Converting from CSV to PostgreSQL and PostGIS

Liz Sanderson
Liz Sanderson
  • Updated

FME Version

  • FME 2020.1

Introduction

You have been assigned the task to update a PostgreSQL database with census data and library locations for different neighborhoods in the City of Vancouver. The census data needs to be split up by age range as well as neighborhood. The library dataset is missing neighborhood information, so using a spatial overlay you will add in the neighborhood information before writing out to the database.
 

Requirements

A PostgreSQL database with PostGIS:
Before you begin, please follow Creating a PostgreSQL/PostGIS Training Database with FME to create a local Postgres database that can be written to. 
 

Step-by-step Instructions

Part 1: CSV to Tabular PostgreSQL

1. Open a Blank FME Workspace and Add a CSV Reader
In a blank workspace, add a CSV Reader and read in the Census2016.csv.
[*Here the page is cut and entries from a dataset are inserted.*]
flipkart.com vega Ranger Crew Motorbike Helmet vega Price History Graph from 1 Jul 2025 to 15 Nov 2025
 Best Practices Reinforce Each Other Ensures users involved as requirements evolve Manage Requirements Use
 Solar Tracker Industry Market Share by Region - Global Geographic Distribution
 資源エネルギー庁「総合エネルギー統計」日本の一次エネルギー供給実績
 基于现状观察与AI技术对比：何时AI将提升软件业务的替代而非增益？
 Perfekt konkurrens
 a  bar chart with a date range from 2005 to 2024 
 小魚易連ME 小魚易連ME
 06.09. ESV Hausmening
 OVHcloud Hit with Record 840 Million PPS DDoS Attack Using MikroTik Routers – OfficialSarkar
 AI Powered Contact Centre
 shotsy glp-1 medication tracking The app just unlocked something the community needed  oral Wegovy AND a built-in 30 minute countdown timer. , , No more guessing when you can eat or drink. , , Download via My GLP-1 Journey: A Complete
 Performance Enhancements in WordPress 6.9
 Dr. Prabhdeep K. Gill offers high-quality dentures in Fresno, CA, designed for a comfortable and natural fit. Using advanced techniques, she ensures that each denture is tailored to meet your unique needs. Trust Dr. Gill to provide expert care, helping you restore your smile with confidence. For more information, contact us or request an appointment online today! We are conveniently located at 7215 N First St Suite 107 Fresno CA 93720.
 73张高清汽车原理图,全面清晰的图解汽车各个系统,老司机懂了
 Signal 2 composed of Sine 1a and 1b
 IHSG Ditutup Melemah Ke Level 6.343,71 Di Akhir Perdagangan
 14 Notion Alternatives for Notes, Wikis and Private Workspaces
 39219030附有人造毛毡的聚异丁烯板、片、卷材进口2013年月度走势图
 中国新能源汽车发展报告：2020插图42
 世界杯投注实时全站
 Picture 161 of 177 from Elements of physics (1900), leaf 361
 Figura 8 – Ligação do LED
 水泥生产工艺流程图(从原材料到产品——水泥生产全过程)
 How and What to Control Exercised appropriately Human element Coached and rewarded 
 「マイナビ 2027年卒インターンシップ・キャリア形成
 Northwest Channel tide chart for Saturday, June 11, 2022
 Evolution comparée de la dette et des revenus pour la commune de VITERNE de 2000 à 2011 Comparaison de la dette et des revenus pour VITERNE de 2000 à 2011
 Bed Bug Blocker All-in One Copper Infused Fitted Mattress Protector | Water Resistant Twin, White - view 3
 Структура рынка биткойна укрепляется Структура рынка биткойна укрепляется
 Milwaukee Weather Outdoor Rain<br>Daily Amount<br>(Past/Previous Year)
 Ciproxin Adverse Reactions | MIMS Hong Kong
Open the parameters, in this CSV dataset, the field names start on line 5. For the Field Names Line parameter, enter 5, then confirm the Preview is showing the correct data, and then click OK.


2. Filter Data
Now we need to filter the census data based on the different age range of potential visitors to the library. This census data is a bit messy, but if you inspect it using either Visual Preview or FME Data Inspector, you can see the following:

  • ID 2 = Ages 0 to 14
  • ID 7 = Ages 15 to 19
  • ID 8 = Ages 20 to 24
  • ID 9 = Ages 25 to 29
  • ID 10 = Ages 30 to 34
  • ID 11 = Ages 35 to 39
  • ID 12 = Ages 40 to 44
  • ID 13 = Ages 45 to 49
  • ID 14 = Ages 50 to 54
  • ID 15 = Ages 55 to 59
  • ID 16 = Ages 60 to 64
  • ID 17 = Ages 65 and over

These are the IDs we want to keep. Add a Tester to the canvas and connect it to the CSV reader feature type. In the parameters, create a new test ID = 2, then copy the test and paste it 11 times. Change the Right Value to match the ID number listed above. Then change the Logic for the 11 rows to OR.


After completing the Tester, run the workspace with Feature Caching Enabled, and inspect the output of the Tester. You should have 12 features that match the list above.
 
3. Condense Ages
We don’t need our data to be this specific with most of the age ranges spanning only 5 years. Instead, we can condense them to be under 14, 15 to 29, 30 to 59, and 60 and over. To do this, we will use an AttributeRangeFilter. Add an AttributeRangeFilter to the canvas and connect it to the Passed output port on the Tester. In the parameters, set the following:

From

To

Output Port

7

9

Age 15 to 29

10

15

Age 30 to 59

16

17

Age 60 and over





4. Rename Age Range
Before we go any further, we need to update the Variable attribute values to reflect our new age range. Add an AttributeCreator to the canvas and connect it to the AttributeRangeFilter Age 15 to 29 output port. In the parameters, select Variable as the New Attribute and then set the Attribute Value to Age 15 to 29, then click OK.
Duplicate the AttributeCreator and connect it to the Age 30 to 59 output port, and change the Attribute Value to Age 30 to 59. Repeat with the Age 60 and over output port. For the Unfiltered output port change the Attribute Value to Age 14 and under.


5. Aggregate Values
With the age ranges redefined, now we need to add them together (aggregate them). Add an Aggregator after the first AttributeCreator. In the parameters, select all of the Neighborhood Names (all attributes except ID and Variable) for Attributes to Sum, then click OK. Duplicate the Aggregator three times and connect each one to the AttributeCreators.


6. Sort the Age Ranges
Before we write out, we will need to sort the age ranges so that they are in numerical order. Add a Sorter transformer to the canvas and connect it to all four Aggregators. In the parameters, set the Attribute to Variable, Alphabetic, in Ascending order. 


7. Write to PostgreSQL
Now we are ready to write out our census data. Add a PostgreSQL Writer to the canvas. For the Dataset, connect to the FME Training database created in Creating a PostgreSQL/PostGIS Training Database with FME or your own database. 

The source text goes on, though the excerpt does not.